Must... write... faster...

curious mouse said...

Um, just what is "romantic suspense," anyway? Suspense where two people fall in love and live happily-ever-after at the end, or suspense where the romantic element is part of what is causing the suspenseful situation? Or both? Just curious.

JDuncan said...

I am curious how the publishing industry seperates out mystery, suspense, and thriller. Mystery seems to really be focused on whodunnit, at least to my way of thinking. There can be suspense of course in the effort to catch the bad guy, but the interest in reading the story, beyond interesting characters is solving the crime. Suspense on the otherhand, while certainly can have and often does, a heavy element of crime solving, the focus is on the danger to one of the main characters. Someone is going to die and the focus of the story is on saving them before they do. Thrillers seem to be suspense on a grander scale. Lots of people will die or some major shit is going to hit the fan unless the bad guy can be stopped.
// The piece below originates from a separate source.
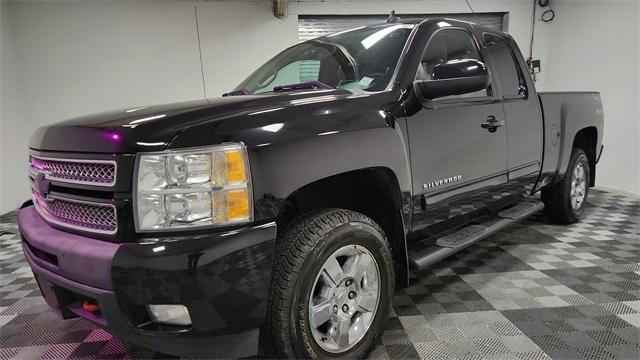 Thumbnail image of 2013 Chevrolet Silverado 1500 at Major World Chevrolet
So, when you say you want a suspense with lots of mystery, i.e. red herrings and the like, I'm not exactly sure what it is you are wanting. Could you give an example of a writer you think does this well?

As for what I like or don't like, it really just depends. Really, I just want interesting characters, an intriguing story, and strong writing. I tend to read across a lot of genres or at least have over the years, but I don't really have any no-no's other than stories that might espouse morally corrupt behavior as being a good thing. I don't mind the cringe factor from reprehensible behavior being depicted, but that character sure better get what's coming to them in the end. The world is full enough with people getting away with horrible things without me having to read about it.

JDuncan
www.jimnduncan.com

flightless said...

I'll read pretty much anything, but I will read it right now if it's been written by Cormac McCarthy. In the past two weeks, I've read Vonnegut, Heinlein, a nonfiction work examining the peculiar Satanic child-abuse cult hysteria in the U.S. in the 80s, another nonfiction about Biblical archaeology, a few essays from Jacques Lacan's Ecrit, and Laurell K. Hamilton's first vampire hunter book.

I think allowing yourself a dogma regarding what material you will or won't read is short-sighted and ultimately self-defeating. (Which is to say nothing about the position advanced in the article... just to the viewpoints of some of the commenters.) Flat refusals to consider experimentation or the slightest remove from formal mores serve nothing but to bolster the status quo. I think it's productive to avoid cultivating preferences that become exclusive.

Chumplet said...

Would romantic suspense be defined as something by Catherine Coulter, Laurie Breton or Joy Fielding? Then that's my game.

Michael S. Hugh said...

I love books that do basically two things - entertain me and educate me simultaneously. These requir extensive research and I can't say how many books I read today that have fault research that immediately turns me off.

Like the other comments, I really cannot deal with abuse in graphic terms. If it's doen tastefully - wonderful

I also love a great set of conflicted characters that I can identify with (not that I am conflicted or meybe I am(alugh))

Anyway that's my two cents. Hope it helps

Anonymous said...

It has to have a great voice, and humor helps a lot. Helen Fielding's Bridget Jones made me roar, while most chicklit leaves me cold. It was the vernacular, and how well she used slang and sentence fragments (and even word fragments) to point up and punch the humorous voice--that's what made those books such fun.

I read mostly mysteries. I can't dissect why some writers break every rule in the book (annoying characters with psychological problems that irritate me; citing their own brilliance but making grammatical errors) and yet craft an amazing book. Robert B. Parker is a perfect example of this.

I tried to read a Kathy Reichs book (the show "Bones" is based on her books about forensic pathology), but gave up because her metaphors were so tortured I cringed once a page.